« Les pressions politiques et policières doivent cesser » : communiqué de la famille Traoré


La rédaction

Nous publions ici le dernier communiqué de presse de la famille d’Adama Traoré, mort dans la cour de la gendarmerie de Persan le 19 juillet 2016. Depuis, la famille fait face à des pressions émanant de la municipalité et de la gendarmerie...

Que cherchent les forces de l’ordre et la municipalité de Beaumont-sur-Oise ? C’est la question que nous nous posons après les événements survenus ce jeudi 18 novembre en marge du conseil municipal. En tant qu’habitants de Beaumont, nous nous y sommes rendus afin d’exprimer notre incompréhension face à la plainte de Nathalie Groux, maire de la ville, contre Assa Traoré…et nous avons été accueillis par les gendarmes et la police municipale. Une honte !

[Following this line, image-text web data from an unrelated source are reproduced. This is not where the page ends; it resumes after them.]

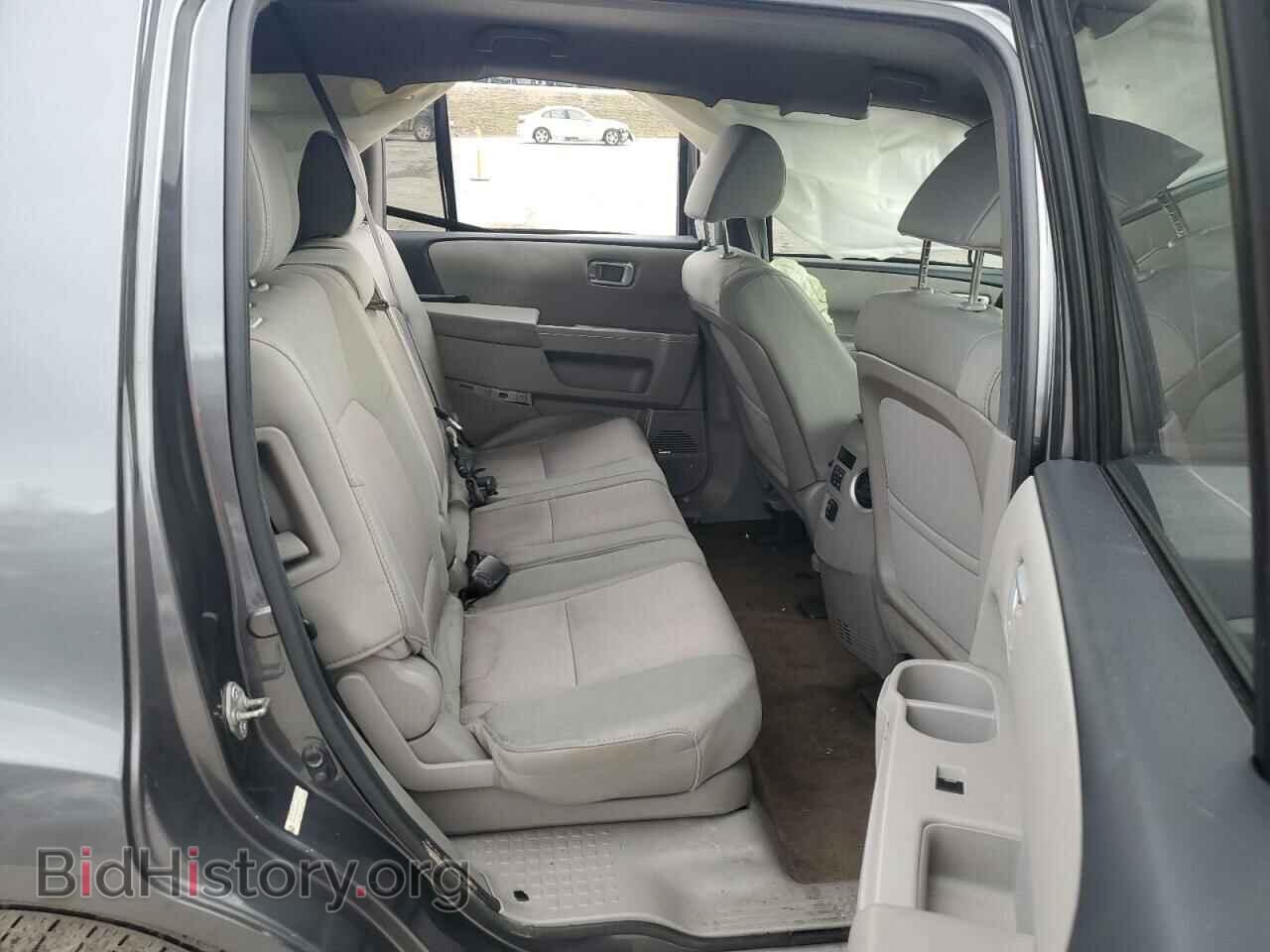 2013 HONDA PILOT - VIN: 5FNYF3H46DB024952 - Фото 11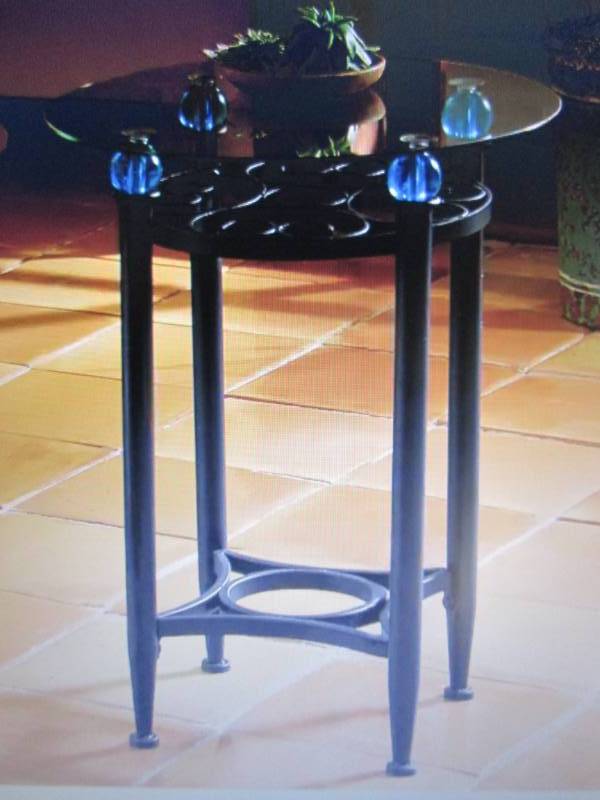 lot 388 image: Bellevue End Table open box Retail ...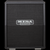 Mesa Boogie 2x12 Rectifier® Vertical Slant Guitar Cabinet in Black Bronco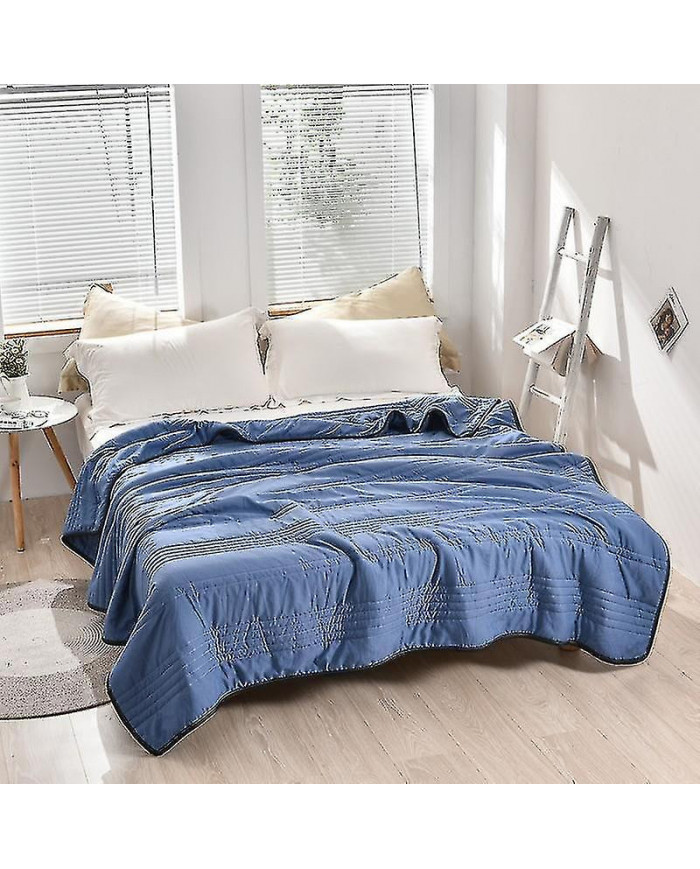 La couverture ultra rafraîchissante pour lits complets et jumeaux couvertures lavables ultra douces pour adultes enfants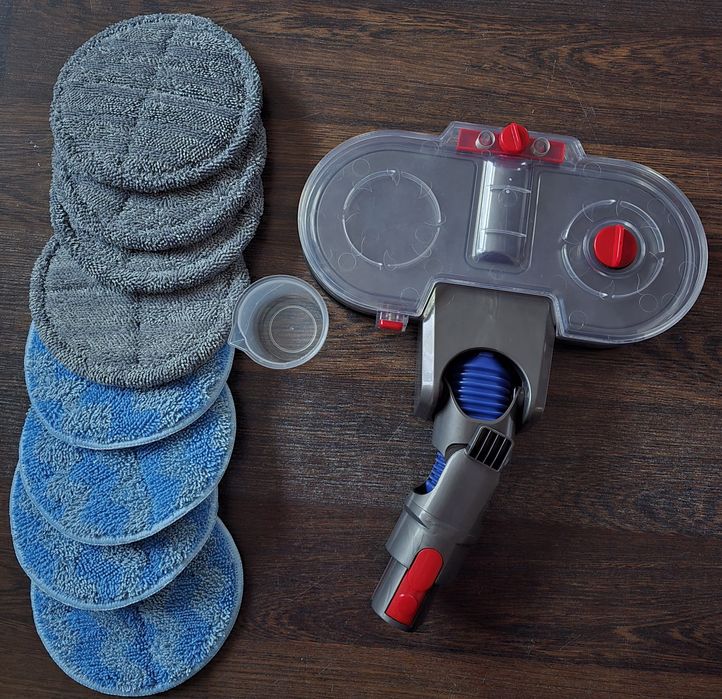Mop do Dyson V7 V8 V10 V11 6xściereczki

Alors même que la séance était ouverte au public et qu’il restait de la place dans la salle, les gendarmes nous ont bloqués à l’entrée, prétextant mille et une choses pour nous empêcher d’assister au conseil. Face à notre insistance légitime, ils ont répondu par du gaz lacrymogène, touchant notamment la belle-mère d’Adama Traoré et un bébé…La situation aurait pu dégénérer mais les proches du défunt ont pris sur eux et ont fini par rentrer au quartier.

À peine arrivés à Boyenval, nous avons eu le droit à une violente descente d’une centaine de gendarmes venus en découdre. Ils prétendent s’être déployés après des tirs de mortiers mais aucun d’entre nous n’en a entendus. Craignant un nouveau drame, nous avons tout fait pour éviter une confrontation entre les forces de l’ordre et les jeunes mais certains, dont le petit frère d’Adama Traoré, ont fini tabassés par plusieurs gendarmes. Une plainte va d’ailleurs être déposée.

Ces violences sont inadmissibles. Quand tout ceci va-t-il cesser ? Depuis la mort d’Adama, le quartier fait face à de nombreuses pressions politiques et policières. Il faut que ça s’arrête. Devons-nous rappeler que nous sommes les victimes dans cette histoire ?

C’est nous qui avons perdu un frère dans d’atroces conditions le jour de son 24e anniversaire. C’est nous qui avons dû faire face aux mensonges du procureur de Pontoise, aux déformations médiatiques, aux découvertes douloureuses sur la manière dont est décédé notre frère, aux violences policières, au mépris politique et à un sentiment d’injustice persistant auquel vient de s’ajouter cette plainte contre Assa Traoré. Ironie du sort, la maire de Beaumont (qui n’hésite pas sur son compte Facebook à appeler les « citoyens de souche » à s’armer pour aider la police) n’avait eu aucune considération pour notre famille jusqu’alors. Sans doute faut-il prendre cette plainte et l’envoi de la police municipale comme la présentation de ses condoléances…

Depuis le début, que ce soit à travers le traitement médiatique, politique, judiciaire ou policier de cette affaire, tout se passe comme si nous étions les coupables. Nous ne voulons que la vérité et la justice pour Adama Traoré, et pour toutes celles et ceux qui ont perdu la vie dans des conditions similaires. Est-ce trop demandé ?

Visiblement oui.

Mais aucune de ces pressions, aucune de ces tentatives d’intimidation, aucune de ces violences ne nous feront taire. Au contraire, elles alimentent chaque jour un peu plus le combat que nous menons et que nous sommes déterminés à renforcer jusqu’au bout. À ce titre, nous remercions toutes les personnes qui nous soutiennent et les invitons à venir nous donner de la force lors du prochain conseil municipal qui aura lieu ce mardi 22 novembre, à 20h45, à la Mairie de Beaumont-Sur-Oise.